Hi Bjoern,
On 2011-12-05 at 12:42 +0100, Bjoern Michaelsen wrote:
Well, there is a good reason for paths in GNU make to be unix-paths. You define
a rule as:
C:B
true
for target C depending on B. If you use windows native paths something like:
C:B:D
true
is valid and can mean either target C depending on target B:D or target C:B
depending on target D.
So of course, it is not a Windows-only problem; you can very well have a
Unx path containing a ':' too. In a Makefile, you can escape it with
'\', and it works just fine; so if we defined the OUTDIR as C
\:/ugh/blah, we might (TM) be fine.
IIRC there are some heuristics in the DOS/Windows native
version GNU make, but I am not even sure if cypath has those too (and as this
is a cornercase: if they are reliable). Also, it is not only make itself that
has to take care of this, but also the little Perlhelpers etc that fiddle with
this.

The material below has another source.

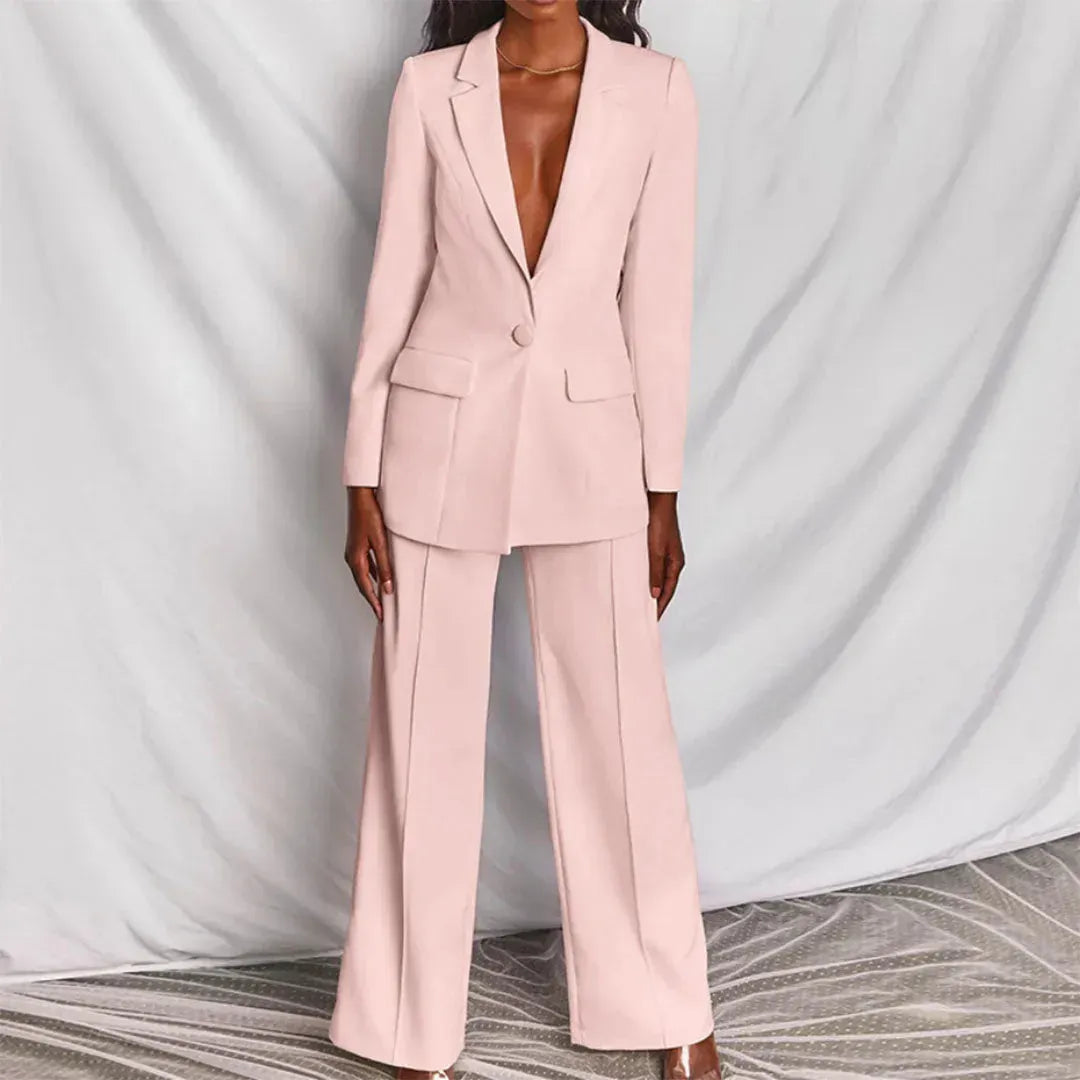 Courtney Longline Trouser Suit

IMHO, keeping the paths unixy is the safest bet.
Well - I'm just aware of the growing amount of
ifeq($(OS),WNT)
something $(shell cygpath -m $(OUTDIR)/ugh)
else
something $(OUTDIR)/ugh
endif
which makes the buildsystem overall ugly ;-) But yeah, I'm not going to
attempt to clean that up short-term, so probably let's let this
gbuild/build.pl unwanted interaction as a warning that this might
potentially bite us at some stage again.